According to the latest climate assessment report from the U.N.-sponsored Intergovernmental Panel on Climate Change, average temperatures in the Great Lakes region are projected to increase between 1.1 and 7.6 degrees Fahrenheit by mid-century. Precipitation is expected to increase in the winter and spring and decrease in the summer and fall. More frequent and greater-intensity extreme precipitation events are also projected.

“Climate change is likely to reduce lake levels, shift patterns of precipitation and alter average seasonal temperatures,” said Dietz, Michigan State’s assistant vice president for environmental research. “The economy of the Great Lakes region and the well-being of its residents will be greatly affected by regional and local changes to the climate.”

Already, the region has seen a warming of about two degrees since 1980, less ice cover on the lakes, more lake-effect snow, and the onset of spring warming about one week earlier than previously, Dietz said.
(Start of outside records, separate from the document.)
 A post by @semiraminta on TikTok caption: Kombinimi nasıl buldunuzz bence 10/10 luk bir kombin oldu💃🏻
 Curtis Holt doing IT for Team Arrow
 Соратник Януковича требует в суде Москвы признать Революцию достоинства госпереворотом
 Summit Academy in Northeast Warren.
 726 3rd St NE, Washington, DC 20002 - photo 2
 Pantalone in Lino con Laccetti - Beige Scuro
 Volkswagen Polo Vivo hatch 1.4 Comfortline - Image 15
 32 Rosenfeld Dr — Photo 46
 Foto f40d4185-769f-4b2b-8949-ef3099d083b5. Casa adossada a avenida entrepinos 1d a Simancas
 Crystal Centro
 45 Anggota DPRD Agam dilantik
Future changes could include longer growing seasons and more heat waves, he said.

Researchers at GLISA will work closely with natural resources managers, land planners, nongovernmental organizations and the private sector to advance new research about how climate variability and change will impact the environment, the economy and society. The researchers will help develop innovative ways to integrate climate information into adaptation planning.

In addition to Scavia, initial U-M researchers on the GLISA team are Maria Carmen Lemos of the School of Natural Resources and Environment and Richard Rood of the Department of Atmospheric, Oceanic and Space Sciences. GLISA also will include scientists from Ohio State University, and the grant is expected fund other researchers from across the region.

Ignoring climate change could be quite costly, Scavia said. For example, sewers, bridges and flood control structures are designed according to the amount of rainfall and floods that occurred over the past century.

“If we simply use those historical figures as a basis for our future plans, we are almost certainly building them incorrectly and will pay the consequences of inadequate design when they fail,” Scavia said.